Looking back: Search for missing plane; and homemade bomb goes off inside LDS seminary building
Published atIDAHO FALLS — EastIdahoNews.com is looking back at what life was like during the week of Nov. 17 to Nov. 23 in east Idaho history.
1900-1925
BLACKFOOT — A 14-year-old boy was accidentally shot and killed by his hunting companion while in the process of shooting a rabbit, The Bingham County News reported on Nov. 23, 1916.
Alpha Barrette, son of A. Barrette, the local manager of the Gem State Lumber Company, was the one killed.

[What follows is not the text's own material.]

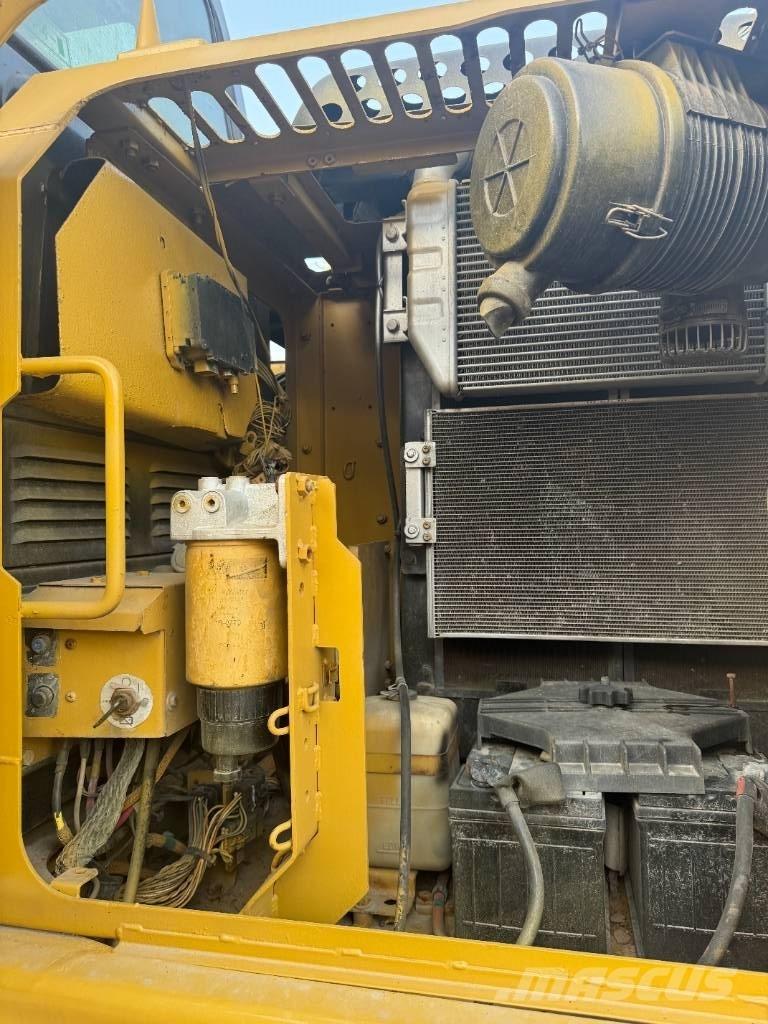 CAT 313 D Roomikekskavaatorid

The paper said this was “the saddest hunting accident of the year.”
“The full charge of a 10-gauge shotgun, at a distance of seven feet, entered the back of the skull, completely tearing the back of the head away and most of the forehead,” the paper reads.

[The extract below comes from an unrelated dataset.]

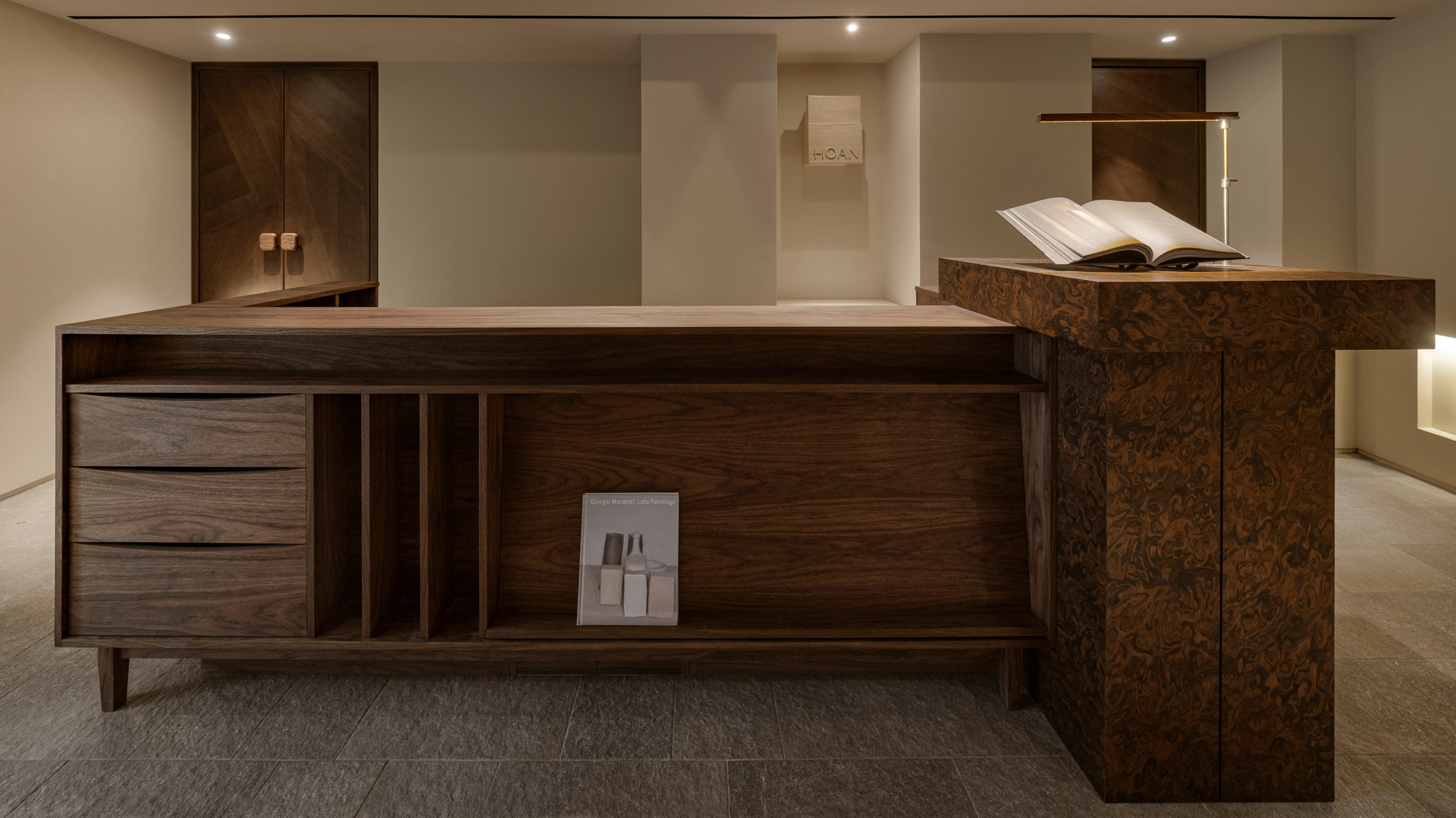 HOAN Clinic interior, third floor, image 01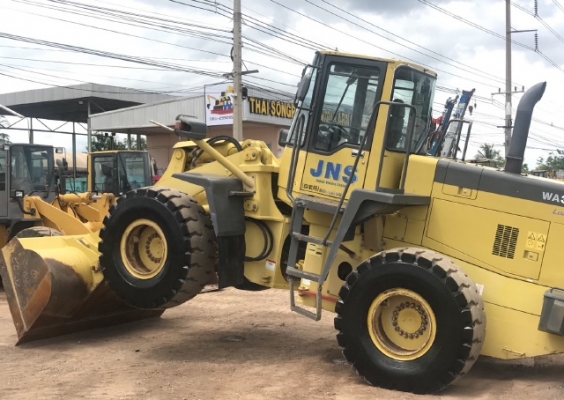 ขายรถตักล้อยาง KOMATSU WA350-3E รถนอกนำเข้าจากญี่ปุ่น สภาพสวยพร้อมใช้ มีVDOการทำงานครับ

It continued, “The bereaved and heartbroken parents have the sincere sympathy of this entire community in their almost unbearable sorrow.”
Mr. Barrette requested that Arthur Changnon, who killed his son, should not be arrested and that no investigation be held by the coroner.
1926-1950
GRACE — The search for a missing plane was underway in the Grace-Preston area, the Idaho Falls Post Register reported on Nov. 21, 1947.
Private pilots from Idaho and Utah were searching for two Butte, Montana, men missing for almost a week after leaving on a flight from Montpelier, Idaho, to Salt Lake City, Utah.
The men were Bruno Koski, a Civil Aeronautics employee, and Harold Leroy Smith, a construction company worker.
The plane was last seen in the Grace-Preston area over the north end of the Wasatch mountain range, where the snow-covered peaks extend upward to 9,000 feet.
On Nov. 20, 20 planes conducted an unsuccessful “dawn to dark” search over a 50-square mile mountainous area for signs of the missing aircraft.
Chet Moulton, Idaho aeronautics director and A.G. Witter, CAA inspector, both of Boise, were directing volunteer pilots from Montpelier, Soda Springs, Grace, Pocatello and Preston, as well as Tremonton and Logan, Utah.
1951-1975
RIGBY — Some “youthful joy riders” who stole a car, ended up returning the car to its rightful owner, the Idaho Falls Post Register reported on Nov. 17, 1952.
“All’s well that ends well. Even after a wild chase,” the paper wrote.
Sheriff Howard Shaffer was on patrol in Rigby Sunday night around 10 p.m. when he saw a car doing “shines” on a sheet of ice in a vacant lot in front of the Rigby Junior High School.
As he drove over to investigate, the driver started to drive away. The sheriff began to chase after the car and even “crowded the car into the borrow pit” but it kept going.
The sheriff looked up the license plate number of the car and found it was registered to Harold F. Goff, of Idaho Falls. Shaffer drove to Idaho Falls to investigate further and stopped at the police station just as Goff came in to report his car had been stolen.
“All stations were alerted — and half an hour later the car was found in front of the Goff home,” the article wrote. “The youthful joy riders had apparently decided to return the vehicle.”
1976-2000
POCATELLO — Pocatello Police recovered the remains of a homemade bomb that exploded inside the men’s bathroom of The Church of Jesus Christ of Latter-day Saints seminary building near Highland High School, the Idaho State Journal reported on Nov. 17, 1977.
The one-story building of classrooms and offices sustained an estimated $200 in damages. The blast, which occurred at 3 p.m., shattered a urinal and blackened walls and mirrors with smoke.
Two witnesses said they remember seeing two youth, believed to be about 18 years old, walking back and forth in front of the building several times and looking through the glass doors minutes before the explosion.
There were no injuries in the blast.